Almost a year later I was in the Blue Angel club with a modern jazz band. I’d always loved Della Reese and I sang Bye Bye Blackbird. I didn’t know Brian was in the audience and after my performance he came up and said, “Why didn’t you sing like that at the Majestic Ballroom?” I said, “Well I was singing with proper musicians tonight, and I was singing in my key.” And then he signed me up.

When The Beatles broke big, we had all kinds of people coming up from London to manage everyone. And my father would say, “Oh, bloody Cockneys.” When Brian came, my father had to sign my contract because I wasn’t 21, and he said, “Yeah, I will sign the contract because I bought a piano at your dad’s store [NEMS] and it’s still going strong.” And that was the only reason why he signed with Brian Epstein.

The only thing was my name. My real name is White and my father said to Brian, “You’ll have to change the name back to White. Otherwise my friends down at the docks won’t believe she’s my daughter.” And Brian said, “Well I rather quite like the name of Black.” And he quietly got his own way. I couldn’t care less what colour. I could have been Cilla Green today.

You know how they always nicknamed dockers? Well, my father’s original nickname was Shiner, because he was immaculate, with his boots shined, spit and polish. But after I became famous, he was nicknamed The Frustrated Minstrel – “because he didn’t know if he was Black or White.”

And George Martin launched you with a Lennon & McCartney original?

Paul had a song that he used to sing at the lunchtime sessions, Love Of The Loved, and it was great when he gave me that. Then I get to the studio and I’m surrounded by proper musicians. And I hated it. I just didn’t see it at all. You’ve got to remember, I’m a kid who’s buying hit records every week, so I knew what was gonna be a hit. I said to Brian, “This is so not a hit, Brian, why do you put me with professional musos? I’ve gotta be with a rock band, and let it sound like Paul does it with The Beatles in the Cavern.”

Anyway, I was overruled and it wasn’t a big hit, but it was enough. And I had a bit of chatter and the Liverpool cheek, so I made a name that way. I remember it being played on Juke Box Jury and it was voted a miss, and I totally agreed with them.

You mentioned you were also a panellist on Juke Box Jury?

Yeah. Billy Fury had a record out, I voted that a miss. Heinz was on, and I told the truth. I remember David Jacobs saying to me, “Isn’t there anything you like about this record?” and I said “Yeah, the hole in the middle.” But like an idiot, I was not a pro, and if the camera’s going to left, you just know there’s somebody in the hot seat. [Each week one act would suddenly emerge from behind a screen to meet the panel.] But thicko didn’t, and then this poor Heinz person came out and shook my hand. I was mortified. Luckily I know a bit more about television today than I did then.

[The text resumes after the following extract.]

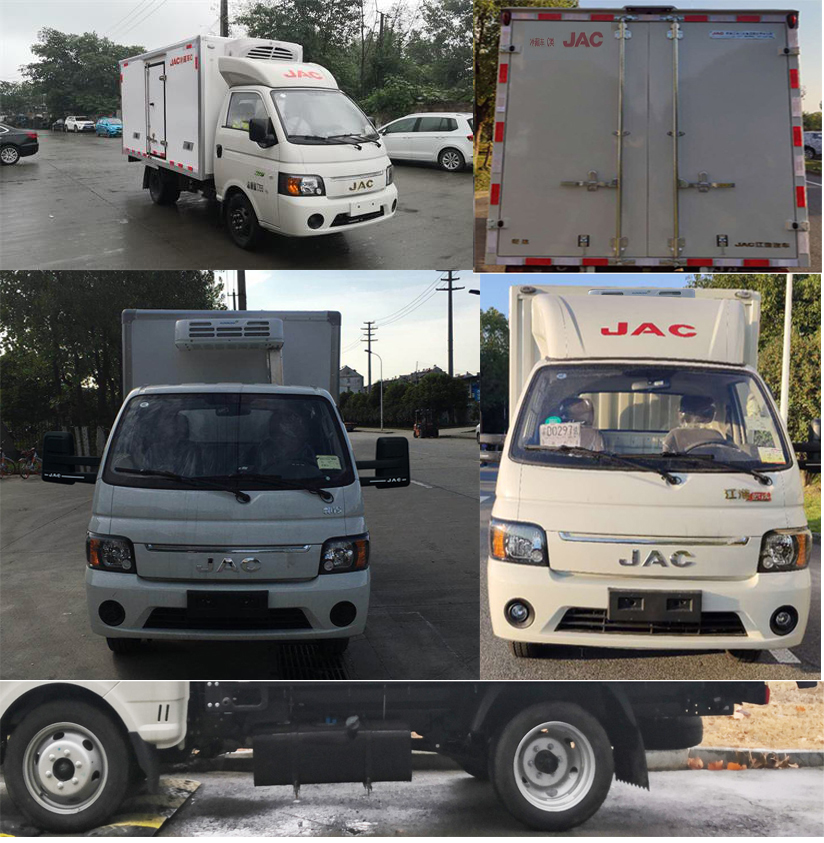 江淮牌HFC5030XLCPV4E6B4S冷藏車公告圖片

How did you find the songs that really made your name?

Brian had gone to America with the Boys, and I was still buying records. I just had a thirst for rock’n’roll music. I used to look in Billboard magazine for anyone with a girl-sounding name in the Top 100, and I spotted Dionne Warwick, at 77 or something. And I went into NEMS and asked for this record to listen to, and I really was blown away. I couldn’t wait for Brian to come back from America. He said “I’ve got a Number 1 hit record for you!” I said, “No, I’ve got the next hit record for me.” In fact we both had Dionne Warwick singing Anyone Who Had A Heart. We went to see George and Brian said, “I’ve got a Number 1 for my Cilla.” Then George played it and he said, “D’you know what? That would be ideal for Bassey.” Cos he also produced her. Brian said, “I don’t think so…”

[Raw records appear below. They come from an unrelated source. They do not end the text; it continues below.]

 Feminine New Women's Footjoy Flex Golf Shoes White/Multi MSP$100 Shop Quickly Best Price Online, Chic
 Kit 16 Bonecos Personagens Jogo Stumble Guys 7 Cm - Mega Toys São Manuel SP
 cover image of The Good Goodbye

And You’re My World, I owe to Brian. He found that and said, “This is going to be your second Number 1.” I loved Anyone Who Had A Heart because it was so different, but You’re My World was an out-and-out ballad and I’m a rock’n’roll singer at heart. I didn’t think I could do this song any justice at all. I thought, “Is this song me? Isn’t it more like that lady who used to sing and cry every time?”

Vikki Carr?

I thought, “I’m turning into Vikki Carr, and I’m a rock’n’roll singer.” But I put my faith in Brian and he was right. It was my second Number 1. Unbelievable.

Had you met your future husband (and eventual manager) Bobby Willis by this stage?

Oh yes. Bobby was writing songs for me as well. And I was his tape recorder. You’ve got to remember it was reel-to-reel in those days, not even cassettes, and I’d be standing at the bus-stop when he’d get an idea, and woe betide me if I forgot the tune.

Before Brian’s death, was Bobby a sort of personal manager to you?

It was a hard life for girl singers in those days. You couldn’t come back from a gig and go into a bar, because you’d be regarded as a “lady of the night”. Television finished at 11.30, restaurants weren’t open, so you had to have some cold salad left in the room. And if you’ve done a show, you’re hyper on adrenalin. You’ve got to come down from that. So Bobby was ideal in every way. He’d fight people off if they got in the way. I could go into a bar just to have a chat after a show, because I was up there and I had no way of coming down.

Did you mix much with the other girl singers of the time? Dusty Springfield, Lulu, Sandie Shaw and so on?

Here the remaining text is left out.